[PATCH] D28934: Write a new SSAUpdater
Davide Italiano via Phabricator via llvm-commits
llvm-commits at lists.llvm.org
Fri Jan 20 10:34:12 PST 2017
davide added a comment.
In https://reviews.llvm.org/D28934#651355, @dberlin wrote:
> In https://reviews.llvm.org/D28934#651323, @sanjoy wrote:
> > I've never really heard people complain about our current `SSAUpdater` (about it being too slow or difficult to use) -- well except in this review :). Is there a specific problem you're trying to address with this?
> FWIW: It's been a source of sorrow before.
> People kind of randomly try to figure out what order to call things in, because it's not clear what the terminology it uses means, nor is it clear what the right sequence necessarily is to get the right result.
> As for speed, we wrote an entire separate linear time phi placement pass (see promotememtoreg, and more particularly, idfcalculator) just because the current SSAUpdater was too slow and not easily understandable.
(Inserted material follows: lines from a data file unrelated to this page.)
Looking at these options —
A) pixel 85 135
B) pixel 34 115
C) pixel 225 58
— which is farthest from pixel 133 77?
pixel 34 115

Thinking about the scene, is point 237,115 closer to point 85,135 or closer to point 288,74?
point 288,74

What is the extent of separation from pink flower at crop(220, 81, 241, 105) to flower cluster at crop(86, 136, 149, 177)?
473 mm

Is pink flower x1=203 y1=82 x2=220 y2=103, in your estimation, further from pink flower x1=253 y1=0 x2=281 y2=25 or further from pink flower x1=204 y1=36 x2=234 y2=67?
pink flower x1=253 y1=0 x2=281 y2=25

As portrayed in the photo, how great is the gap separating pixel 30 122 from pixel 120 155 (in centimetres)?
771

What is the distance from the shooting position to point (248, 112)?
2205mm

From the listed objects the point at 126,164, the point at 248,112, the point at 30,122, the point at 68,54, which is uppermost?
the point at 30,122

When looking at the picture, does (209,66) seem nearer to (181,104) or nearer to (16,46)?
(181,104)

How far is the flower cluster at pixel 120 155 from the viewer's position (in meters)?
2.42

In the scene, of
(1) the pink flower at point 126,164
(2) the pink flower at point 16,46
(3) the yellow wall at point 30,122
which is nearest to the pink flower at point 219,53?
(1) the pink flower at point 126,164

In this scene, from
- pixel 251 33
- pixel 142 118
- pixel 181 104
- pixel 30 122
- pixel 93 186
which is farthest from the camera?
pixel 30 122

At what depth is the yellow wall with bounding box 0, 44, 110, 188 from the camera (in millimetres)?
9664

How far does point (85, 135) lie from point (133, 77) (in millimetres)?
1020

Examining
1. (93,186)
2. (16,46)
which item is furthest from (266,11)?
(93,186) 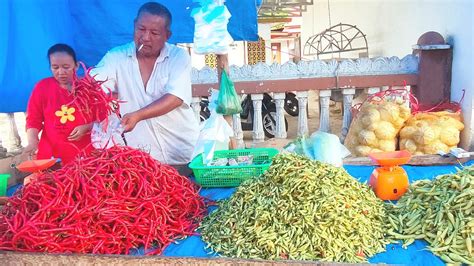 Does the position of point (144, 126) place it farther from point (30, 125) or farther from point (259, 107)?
point (259, 107)

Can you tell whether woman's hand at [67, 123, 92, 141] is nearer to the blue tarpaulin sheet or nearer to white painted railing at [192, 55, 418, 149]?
the blue tarpaulin sheet

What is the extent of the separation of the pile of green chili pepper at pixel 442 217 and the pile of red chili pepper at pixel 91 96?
57.2 inches

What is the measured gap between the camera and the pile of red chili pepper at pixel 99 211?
153 centimetres

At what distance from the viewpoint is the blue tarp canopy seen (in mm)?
2979

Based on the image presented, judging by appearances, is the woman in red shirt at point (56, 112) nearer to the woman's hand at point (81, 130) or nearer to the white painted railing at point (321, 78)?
the woman's hand at point (81, 130)

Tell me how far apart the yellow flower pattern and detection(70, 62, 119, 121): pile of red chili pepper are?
2.07 ft

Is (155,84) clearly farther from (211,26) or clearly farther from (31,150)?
(31,150)

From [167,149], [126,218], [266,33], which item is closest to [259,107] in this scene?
[167,149]

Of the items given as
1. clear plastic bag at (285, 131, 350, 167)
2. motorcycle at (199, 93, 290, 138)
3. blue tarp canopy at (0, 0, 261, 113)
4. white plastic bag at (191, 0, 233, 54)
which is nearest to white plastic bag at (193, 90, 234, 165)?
white plastic bag at (191, 0, 233, 54)

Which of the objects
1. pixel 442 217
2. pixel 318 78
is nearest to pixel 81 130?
pixel 442 217

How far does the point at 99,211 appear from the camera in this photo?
156cm

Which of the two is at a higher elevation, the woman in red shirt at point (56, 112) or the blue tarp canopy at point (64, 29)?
the blue tarp canopy at point (64, 29)

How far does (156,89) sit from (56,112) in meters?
0.68

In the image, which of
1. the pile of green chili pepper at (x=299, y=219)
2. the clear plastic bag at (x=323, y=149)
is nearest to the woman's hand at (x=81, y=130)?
the pile of green chili pepper at (x=299, y=219) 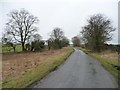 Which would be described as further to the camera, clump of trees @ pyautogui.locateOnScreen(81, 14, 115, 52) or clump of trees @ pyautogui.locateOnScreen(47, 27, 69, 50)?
clump of trees @ pyautogui.locateOnScreen(47, 27, 69, 50)

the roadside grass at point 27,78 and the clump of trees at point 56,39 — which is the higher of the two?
the clump of trees at point 56,39

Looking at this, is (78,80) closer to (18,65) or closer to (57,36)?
(18,65)

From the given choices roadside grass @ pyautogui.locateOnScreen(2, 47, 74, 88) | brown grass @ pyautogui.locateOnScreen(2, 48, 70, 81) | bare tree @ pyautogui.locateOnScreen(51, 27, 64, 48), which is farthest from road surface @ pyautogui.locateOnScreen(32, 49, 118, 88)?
bare tree @ pyautogui.locateOnScreen(51, 27, 64, 48)

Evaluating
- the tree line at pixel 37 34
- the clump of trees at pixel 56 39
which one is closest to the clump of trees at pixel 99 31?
the tree line at pixel 37 34

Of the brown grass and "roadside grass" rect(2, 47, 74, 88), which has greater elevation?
"roadside grass" rect(2, 47, 74, 88)

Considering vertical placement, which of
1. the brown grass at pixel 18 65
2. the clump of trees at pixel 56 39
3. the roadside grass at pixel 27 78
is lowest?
the brown grass at pixel 18 65

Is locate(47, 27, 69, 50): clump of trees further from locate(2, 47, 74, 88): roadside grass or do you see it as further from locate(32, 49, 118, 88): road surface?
locate(32, 49, 118, 88): road surface

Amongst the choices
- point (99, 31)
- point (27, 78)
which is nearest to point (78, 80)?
point (27, 78)

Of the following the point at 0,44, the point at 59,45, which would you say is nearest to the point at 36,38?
the point at 0,44

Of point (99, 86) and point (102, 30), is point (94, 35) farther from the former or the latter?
point (99, 86)

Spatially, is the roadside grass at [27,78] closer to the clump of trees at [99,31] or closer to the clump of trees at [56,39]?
the clump of trees at [99,31]

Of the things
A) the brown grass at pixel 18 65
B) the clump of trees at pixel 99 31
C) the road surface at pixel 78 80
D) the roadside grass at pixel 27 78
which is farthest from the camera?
the clump of trees at pixel 99 31

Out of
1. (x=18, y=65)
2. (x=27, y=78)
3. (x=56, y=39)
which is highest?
(x=56, y=39)

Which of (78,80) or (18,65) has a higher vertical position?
(78,80)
> It's also used for ADCE and MemorySSA.
> This particular patch came about because i needed an SSAUpdater workalike for MemorySSA updating, and i figured, what the heck, might as well see if anyone wants me to replace the existing one while i'm at it.
> I started with the above, and then modified it for what i needed.
> If you stare at this vs the paper vs the existing SSAUpdater, you can clearly see the paper (and this impl) is a slightly more refined version of the renaming algorithm, with a completely different phi insertion scheme shoved on top.
> (i'm not sure if they both share some common lineage, because otherwise, that's ... yeah)
> Our current SSAUpdater tries to iteratively compute dominators, dominance frontiers, and then phi placement for those. It's actually N^3 in the number of variables, and in some cases, badly so.
I don't have any strong comments on the API (yet), I would like to try myself porting a pass as an experiment and see how that feels. I personally think removing the dependency on dom info is already a win per-se, and the code is definitely much smaller/easier to understand than what we currently have (I don't think it will grow enormously if we include SCC, but I may be wrong).
To sum up, I would like to see this going foward.